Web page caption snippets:
+++++

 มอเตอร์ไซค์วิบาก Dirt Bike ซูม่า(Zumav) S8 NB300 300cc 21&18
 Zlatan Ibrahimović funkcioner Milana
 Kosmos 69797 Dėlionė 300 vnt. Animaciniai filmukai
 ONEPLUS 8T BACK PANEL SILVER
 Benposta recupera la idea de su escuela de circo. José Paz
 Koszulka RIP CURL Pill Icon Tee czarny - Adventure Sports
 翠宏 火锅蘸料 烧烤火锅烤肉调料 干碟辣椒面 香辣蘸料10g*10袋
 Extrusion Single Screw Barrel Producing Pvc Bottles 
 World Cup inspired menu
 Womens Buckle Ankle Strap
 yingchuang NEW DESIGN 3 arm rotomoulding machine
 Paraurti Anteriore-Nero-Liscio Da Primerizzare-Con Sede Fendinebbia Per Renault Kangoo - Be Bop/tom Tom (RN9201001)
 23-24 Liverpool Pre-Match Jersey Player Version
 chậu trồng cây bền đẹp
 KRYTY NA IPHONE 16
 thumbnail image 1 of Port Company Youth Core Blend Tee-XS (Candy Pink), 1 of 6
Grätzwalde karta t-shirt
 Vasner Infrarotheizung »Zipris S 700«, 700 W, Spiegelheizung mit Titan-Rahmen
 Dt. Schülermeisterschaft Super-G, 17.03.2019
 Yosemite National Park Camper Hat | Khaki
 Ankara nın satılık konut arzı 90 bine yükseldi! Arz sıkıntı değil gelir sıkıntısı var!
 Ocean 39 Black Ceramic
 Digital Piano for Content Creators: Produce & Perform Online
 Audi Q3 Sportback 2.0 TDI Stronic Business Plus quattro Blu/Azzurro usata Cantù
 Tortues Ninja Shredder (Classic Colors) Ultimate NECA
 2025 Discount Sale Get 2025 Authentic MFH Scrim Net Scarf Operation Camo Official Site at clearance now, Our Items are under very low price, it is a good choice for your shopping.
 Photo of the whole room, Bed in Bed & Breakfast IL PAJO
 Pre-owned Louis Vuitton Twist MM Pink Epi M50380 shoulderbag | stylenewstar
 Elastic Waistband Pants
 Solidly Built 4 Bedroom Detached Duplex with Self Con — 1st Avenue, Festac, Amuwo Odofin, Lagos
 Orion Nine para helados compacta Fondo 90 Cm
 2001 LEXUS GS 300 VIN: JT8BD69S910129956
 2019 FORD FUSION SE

+++++

TASK DIRECTIONS: Could you state the number of lines above in which the word "Pink" appears? Give that number by itself.

TASK RESPONSE: 2